Task to carry out: All of the listing is to be written out word for word, with the pictures left out.

Dataset excerpt:
◆ ◆ ◆ ◆

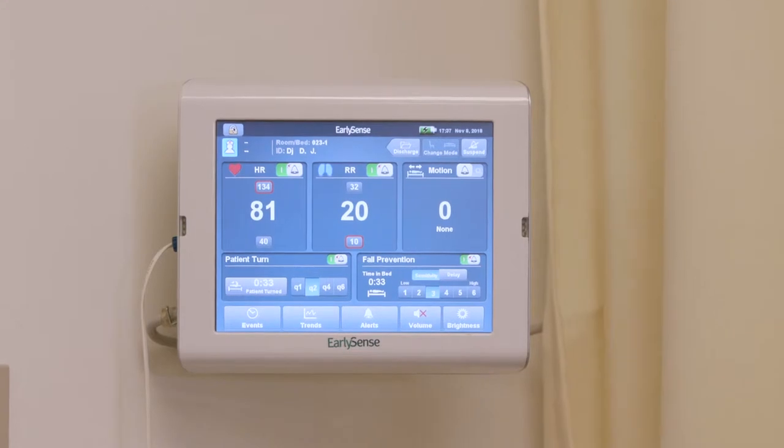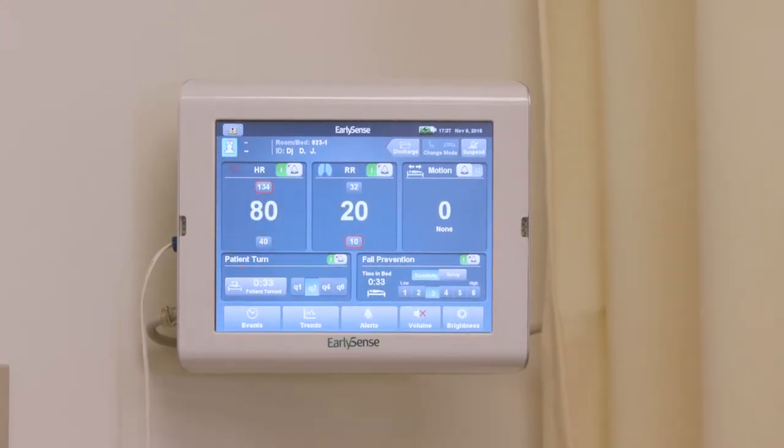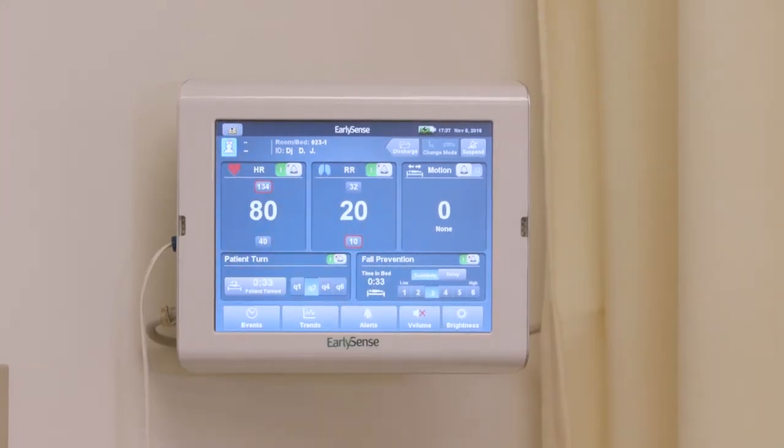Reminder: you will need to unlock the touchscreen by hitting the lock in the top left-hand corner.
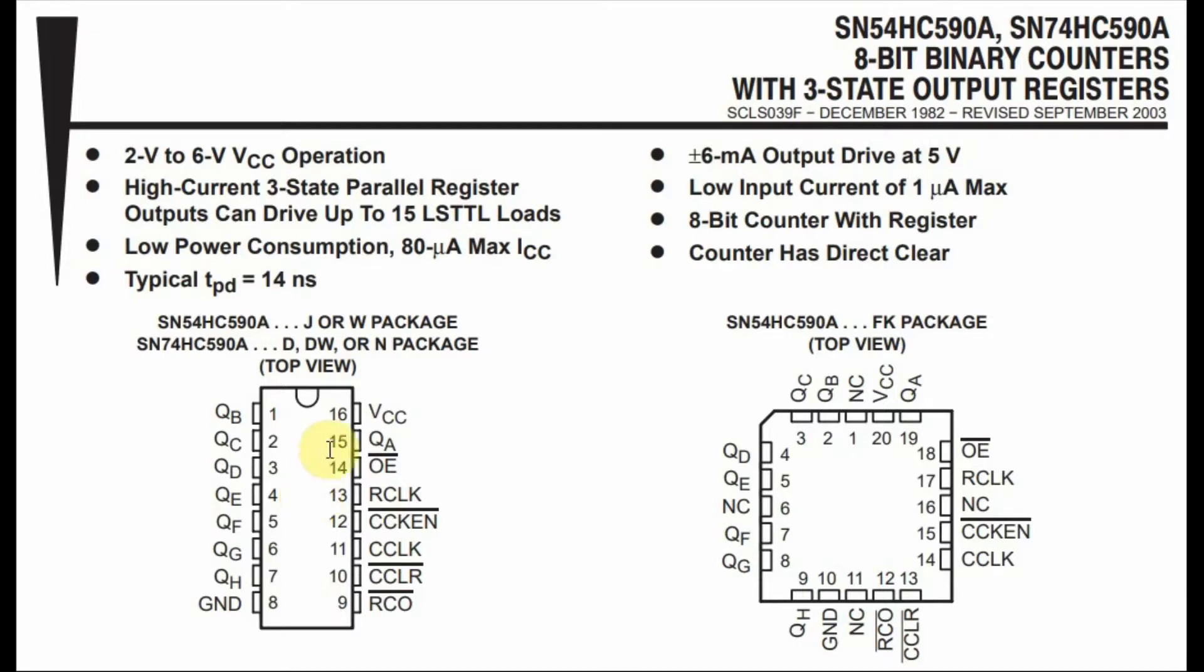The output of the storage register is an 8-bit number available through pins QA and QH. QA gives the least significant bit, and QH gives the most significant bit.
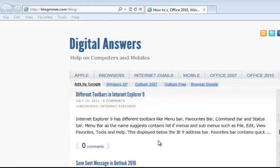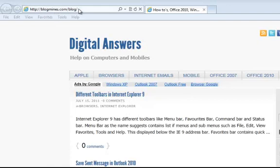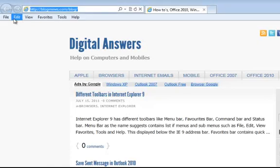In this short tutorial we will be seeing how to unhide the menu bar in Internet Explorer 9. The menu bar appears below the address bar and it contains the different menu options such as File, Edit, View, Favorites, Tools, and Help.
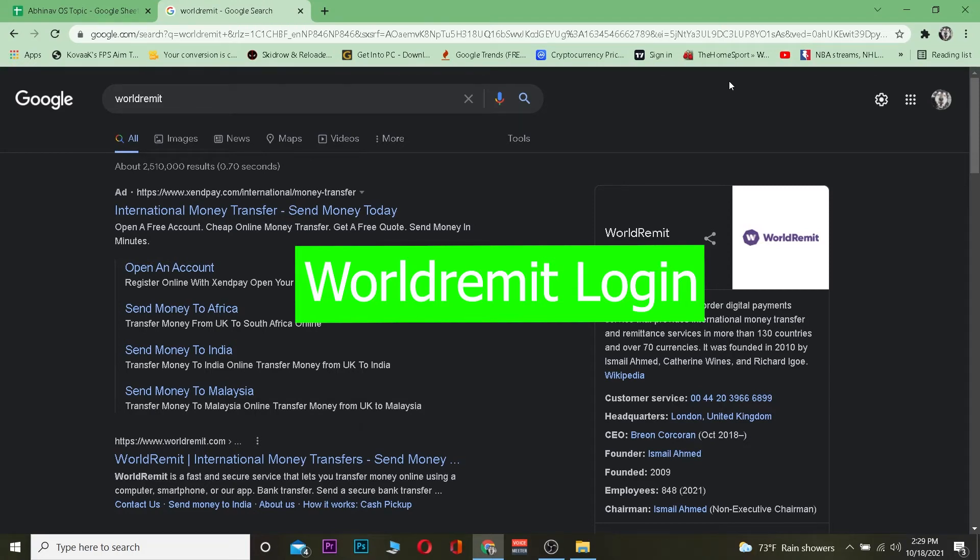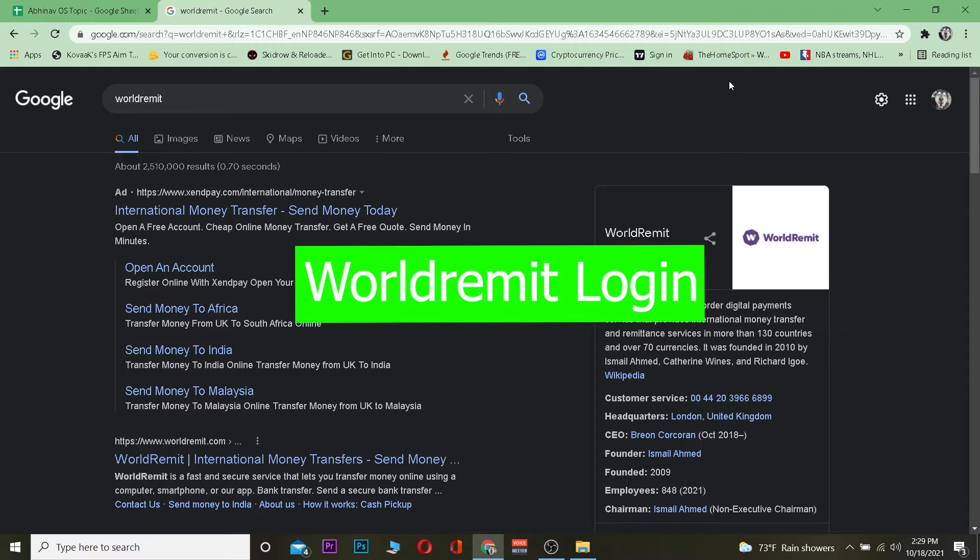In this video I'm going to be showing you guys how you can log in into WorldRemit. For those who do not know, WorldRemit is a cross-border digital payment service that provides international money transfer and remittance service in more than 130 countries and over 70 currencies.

◆ ◆ ◆ ◆

Answer to this problem:
Reminder: you will need to unlock the touchscreen by hitting the lock in the top left-hand corner.
The output of the storage register is an 8-bit number available through pins QA and QH. QA gives the least significant bit, and QH gives the most significant bit.
In this short tutorial we will be seeing how to unhide the menu bar in Internet Explorer 9. The menu bar appears below the address bar and it contains the different menu options such as File, Edit, View, Favorites, Tools, and Help.
In this video I'm going to be showing you guys how you can log in into WorldRemit. For those who do not know, WorldRemit is a cross-border digital payment service that provides international money transfer and remittance service in more than 130 countries and over 70 currencies.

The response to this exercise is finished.